Кристофер отступил на шаг сторону и остановился у полки с женскими журналами. «Выразительный взгляд — добейся его с помощью косметики!» «Головокружительный шопинг — 600 лучших покупок!» «Учись правильно ходить на каблуках!» «Стоит ли увеличивать грудь!» Уму непостижимо! Неужели все это раскупается? Неужели на свете так много женщин, которых удовлетворяет это чтиво?
В правом углу продавались журналы, предназначенные для девушек. «Следим за стервозными поступками знаменитых девчонок». «Голосуем за самую милую собачку Голливуда». «Семь ошибок, которые не позволяют тебе стать красавицей». «Приемы, против которых он не устоит».
В редакции одни женщины, за исключением одного мужчины, занимающегося техническими вопросами. Интересно, как эти женщины воспитывают собственных детей? Неужели они искренне верят в гендерные стереотипы и придерживаются их в своей семье или для них это просто работа, за которую им платят?
Ему снова пришел в голову вопрос: куда подевалась интеллигенция? Как случилось, что люди не думают о будущем, да и вообще почти ни о чем не думают? Почему некоторые принижают себя настолько, что считают, будто их действия не имеют никакого значения?
С тех пор как он лишился возможности усыплять сознание алкоголем, он с трудом выносил реальность. А может, временная отключка необходима мозгу, чтобы он мог не замечать окружающую глупость и имел силы надеяться?
— Вы стоите в очереди?
Очнувшись, он прервал свои рассуждения и начал выгружать покупки на ленту. Потом направился домой со свежим запасом полуфабрикатов. У него возникли новые идеи, настроение снова повысилось, и он мог вернуться к пьесе.
Вот и его дом впереди уже показался подъезд, и тут он все-таки решил включить мобильный. Три новых голосовых сообщения. Одно из театра — спрашивали, как продвигается работа. Второе от Еспера. Когда же он прослушал третье, время вдруг остановилось, он выронил пакет с продуктами и прислонился к стене дома.
Кто-то оставил завещание, где Кристофер указан как единственный наследник.

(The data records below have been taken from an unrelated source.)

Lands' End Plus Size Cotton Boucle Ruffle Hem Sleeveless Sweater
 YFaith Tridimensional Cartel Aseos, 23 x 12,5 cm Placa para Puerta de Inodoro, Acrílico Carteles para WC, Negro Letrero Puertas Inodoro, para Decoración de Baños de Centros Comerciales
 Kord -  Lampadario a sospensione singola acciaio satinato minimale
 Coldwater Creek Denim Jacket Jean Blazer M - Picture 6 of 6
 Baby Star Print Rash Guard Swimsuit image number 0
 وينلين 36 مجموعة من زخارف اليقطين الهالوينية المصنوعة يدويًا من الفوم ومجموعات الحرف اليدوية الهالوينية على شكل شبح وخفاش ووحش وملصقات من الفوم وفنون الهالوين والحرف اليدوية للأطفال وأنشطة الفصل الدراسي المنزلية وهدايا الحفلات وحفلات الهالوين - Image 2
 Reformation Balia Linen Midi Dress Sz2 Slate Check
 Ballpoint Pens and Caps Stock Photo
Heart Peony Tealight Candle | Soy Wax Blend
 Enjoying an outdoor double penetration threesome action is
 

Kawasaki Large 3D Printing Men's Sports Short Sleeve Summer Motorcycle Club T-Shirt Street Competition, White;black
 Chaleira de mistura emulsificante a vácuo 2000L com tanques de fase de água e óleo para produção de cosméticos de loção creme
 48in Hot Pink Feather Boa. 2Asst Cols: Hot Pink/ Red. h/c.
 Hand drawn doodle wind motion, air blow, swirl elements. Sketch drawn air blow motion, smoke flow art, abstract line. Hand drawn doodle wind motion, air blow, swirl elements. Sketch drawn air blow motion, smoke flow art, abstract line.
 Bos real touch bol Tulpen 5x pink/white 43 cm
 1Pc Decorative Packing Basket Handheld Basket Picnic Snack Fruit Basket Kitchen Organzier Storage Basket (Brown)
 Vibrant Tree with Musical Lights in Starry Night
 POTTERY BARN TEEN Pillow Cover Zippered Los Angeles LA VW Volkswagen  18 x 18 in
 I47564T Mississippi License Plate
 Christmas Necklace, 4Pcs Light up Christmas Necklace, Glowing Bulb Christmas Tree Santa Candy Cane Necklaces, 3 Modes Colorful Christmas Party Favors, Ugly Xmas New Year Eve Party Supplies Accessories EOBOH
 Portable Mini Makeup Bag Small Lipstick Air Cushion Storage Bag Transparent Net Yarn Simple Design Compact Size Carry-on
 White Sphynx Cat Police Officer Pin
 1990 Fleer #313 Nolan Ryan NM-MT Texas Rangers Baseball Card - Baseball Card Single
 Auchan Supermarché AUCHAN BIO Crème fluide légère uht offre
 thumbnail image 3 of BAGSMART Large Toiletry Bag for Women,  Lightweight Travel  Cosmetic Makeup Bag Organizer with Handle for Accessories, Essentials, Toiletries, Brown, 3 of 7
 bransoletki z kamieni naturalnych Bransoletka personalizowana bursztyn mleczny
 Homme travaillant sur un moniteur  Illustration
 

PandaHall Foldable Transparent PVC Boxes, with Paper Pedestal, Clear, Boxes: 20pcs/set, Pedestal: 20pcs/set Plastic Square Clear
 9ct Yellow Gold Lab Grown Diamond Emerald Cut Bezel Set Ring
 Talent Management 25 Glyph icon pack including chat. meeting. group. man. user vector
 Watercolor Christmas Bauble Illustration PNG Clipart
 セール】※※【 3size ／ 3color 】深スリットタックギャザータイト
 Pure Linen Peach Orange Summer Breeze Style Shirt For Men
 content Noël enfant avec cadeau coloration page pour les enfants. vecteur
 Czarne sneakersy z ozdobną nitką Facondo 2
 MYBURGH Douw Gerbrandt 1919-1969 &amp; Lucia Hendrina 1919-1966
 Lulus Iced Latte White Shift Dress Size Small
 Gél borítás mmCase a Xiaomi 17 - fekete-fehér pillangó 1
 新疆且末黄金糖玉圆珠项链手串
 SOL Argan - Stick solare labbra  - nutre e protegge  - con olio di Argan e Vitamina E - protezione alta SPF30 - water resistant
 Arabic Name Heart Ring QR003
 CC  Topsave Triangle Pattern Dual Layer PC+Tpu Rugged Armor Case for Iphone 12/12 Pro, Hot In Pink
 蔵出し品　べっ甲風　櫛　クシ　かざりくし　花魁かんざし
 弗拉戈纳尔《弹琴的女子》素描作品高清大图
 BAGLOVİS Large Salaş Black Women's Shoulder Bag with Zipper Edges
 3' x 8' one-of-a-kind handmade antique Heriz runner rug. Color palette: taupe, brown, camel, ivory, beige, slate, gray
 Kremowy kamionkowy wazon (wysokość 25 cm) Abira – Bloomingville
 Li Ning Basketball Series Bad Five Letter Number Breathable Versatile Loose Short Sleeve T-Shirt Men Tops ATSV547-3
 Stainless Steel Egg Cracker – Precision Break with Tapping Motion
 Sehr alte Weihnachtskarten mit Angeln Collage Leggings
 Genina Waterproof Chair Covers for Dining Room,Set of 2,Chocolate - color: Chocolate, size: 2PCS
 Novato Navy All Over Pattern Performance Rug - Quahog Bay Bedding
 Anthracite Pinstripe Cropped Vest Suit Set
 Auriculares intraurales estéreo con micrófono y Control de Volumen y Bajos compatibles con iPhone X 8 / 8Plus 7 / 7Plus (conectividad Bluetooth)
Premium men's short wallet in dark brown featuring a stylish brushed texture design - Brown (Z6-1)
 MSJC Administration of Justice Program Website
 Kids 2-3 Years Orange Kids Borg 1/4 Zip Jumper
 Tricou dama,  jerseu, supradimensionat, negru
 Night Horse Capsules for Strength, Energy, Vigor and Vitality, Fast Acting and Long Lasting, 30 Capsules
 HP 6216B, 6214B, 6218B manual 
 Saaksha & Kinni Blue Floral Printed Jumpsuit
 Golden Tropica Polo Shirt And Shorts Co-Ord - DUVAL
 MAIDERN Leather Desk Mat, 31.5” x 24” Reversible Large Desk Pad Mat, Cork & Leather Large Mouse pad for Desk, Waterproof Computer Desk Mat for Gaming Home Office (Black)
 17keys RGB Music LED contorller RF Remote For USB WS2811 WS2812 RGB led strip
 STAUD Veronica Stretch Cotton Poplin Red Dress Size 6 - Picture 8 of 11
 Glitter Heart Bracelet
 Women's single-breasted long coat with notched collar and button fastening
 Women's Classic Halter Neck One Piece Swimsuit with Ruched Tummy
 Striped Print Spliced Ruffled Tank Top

* * *Запах яблока. Возможность протянуть руку, взять фрукт, поднести к лицу и окунуться в его аромат. Мгновенное перемещение в прошлое. Волшебные врата в страну, которая давно скрылась за дымкой изменчивых десятилетий и вдруг опять стала близкой и реальной.
Аксель Рагнерфельдт рассматривал зеленые яблоки, лежавшие в вазе. Для него расстояние до яблок было столь же непреодолимым, как и до страны их происхождения, указанной на маленькой, наклеенной сбоку этикетке. «Они наверняка не пахнут, — уговаривал он себя. — Их чем-то накачали и обработали, чтобы они смогли пережить кругосветное путешествие».
Они не такие, как яблоки его детства, заботливо собираемые с единственной растущей на их участке яблони, чтобы потом варить золотистый компот и сидр для праздников. Ухоженные грядки с картошкой, брюквой и прочими полезными растениями, среди которых изредка можно увидеть львиный зев, водосбор или фиалки. Мама, успевающая сделать тысячу дел, и отец, горделиво и умело орудующий молотком. Домик, медленно растущий под его грубыми руками. Эти шесть квадратных метров были им дороже самого роскошного дворца. Аксель вспомнил строчки из постановления: «Земельные участки по преимуществу предназначены для лиц, занятых физическим трудом, и других категорий граждан, проживающих в стесненных жилищных условиях».